I’m running a RHEL 7.6 system (kernel 3.10.0-957.10.1.el7.x86_64) that we just upgraded with an RTX 2080 Ti (it used to contain two GTX 780 Ti cards that ran stable for years). After running a bunch of OpenCL and CUDA tests, it fails with the following in dmesg:
...
[32438.624521] nvidia 0000:83:00.0: irq 145 for MSI/MSI-X
[32439.139541] NVRM: RmInitAdapter failed! (0x26:0xffff:1127)
[32439.139560] NVRM: rm_init_adapter failed for device bearing minor number 0
[32439.246182] nvidia 0000:83:00.0: irq 145 for MSI/MSI-X
[32443.757184] NVRM: RmInitAdapter failed! (0x26:0xffff:1127)

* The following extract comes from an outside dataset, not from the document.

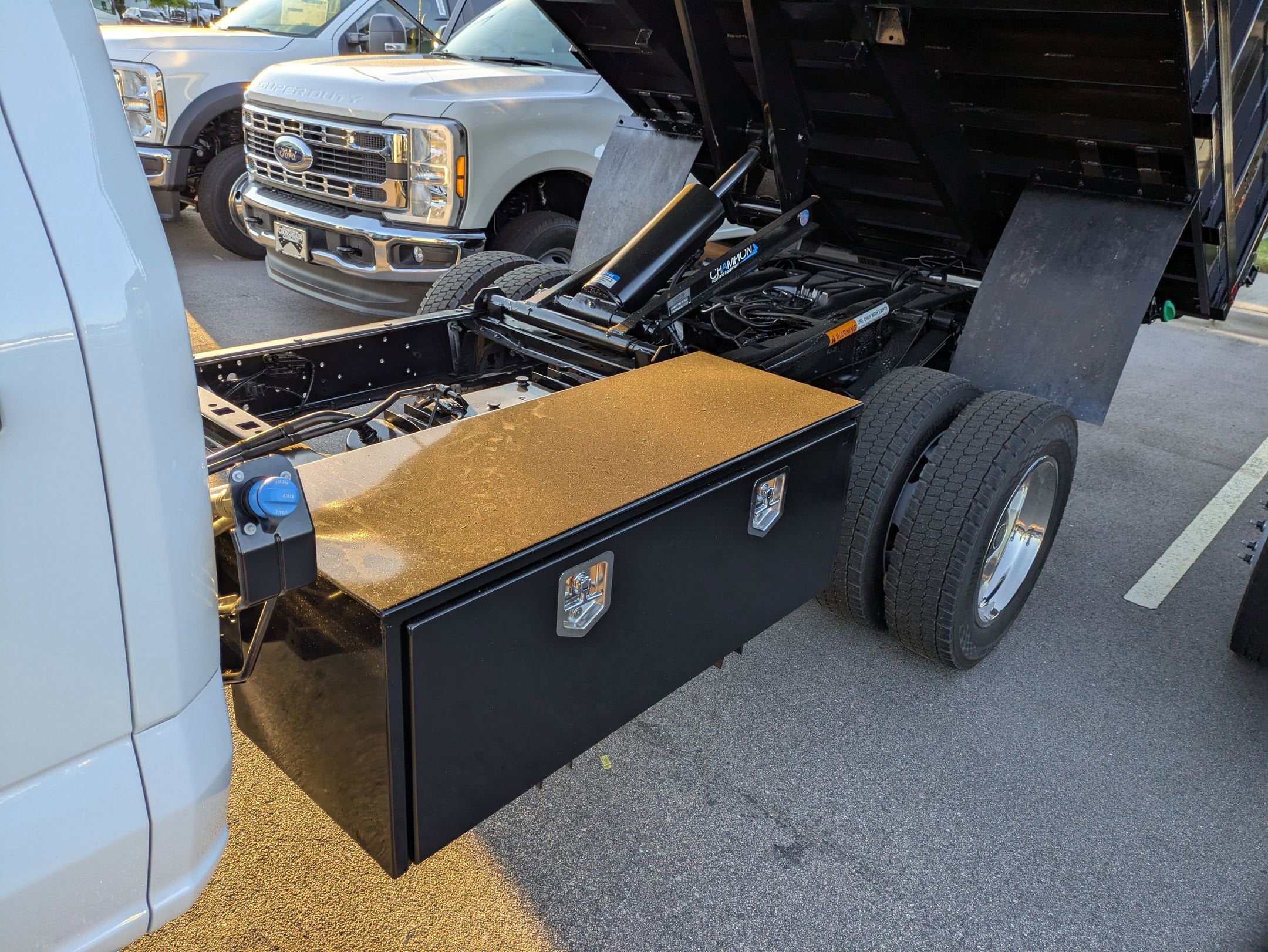 2025 Ford Super Duty F-550 DRW XL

[32443.757202] NVRM: rm_init_adapter failed for device bearing minor number 0
[32443.864800] nvidia 0000:83:00.0: irq 145 for MSI/MSI-X
[32448.372512] NVRM: RmInitAdapter failed! (0x26:0xffff:1127)
[32448.372530] NVRM: rm_init_adapter failed for device bearing minor number 0
[32448.481516] nvidia 0000:83:00.0: irq 145 for MSI/MSI-X
[32452.993060] NVRM: RmInitAdapter failed! (0x26:0xffff:1127)

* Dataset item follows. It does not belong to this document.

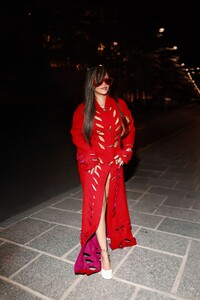 rihanna-in-red-heading-to-dine-at-the-royal-monceau-s-italian-eatery-in-paris-06-20-2024-7.jpg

[32452.993083] NVRM: rm_init_adapter failed for device bearing minor number 0
[32453.128607] nvidia 0000:83:00.0: irq 145 for MSI/MSI-X
[32457.637375] NVRM: RmInitAdapter failed! (0x26:0xffff:1127)
[32457.637404] NVRM: rm_init_adapter failed for device bearing minor number 0
[32458.018091] nvidia 0000:83:00.0: irq 145 for MSI/MSI-X
[32462.547348] NVRM: RmInitAdapter failed! (0x26:0xffff:1127)
[32462.547384] NVRM: rm_init_adapter failed for device bearing minor number 0
[32462.660787] nvidia 0000:83:00.0: irq 145 for MSI/MSI-X
...
After which all GPU operations hang or fail (e.g. nvidia-smi seems to stall). A reboot fixes it.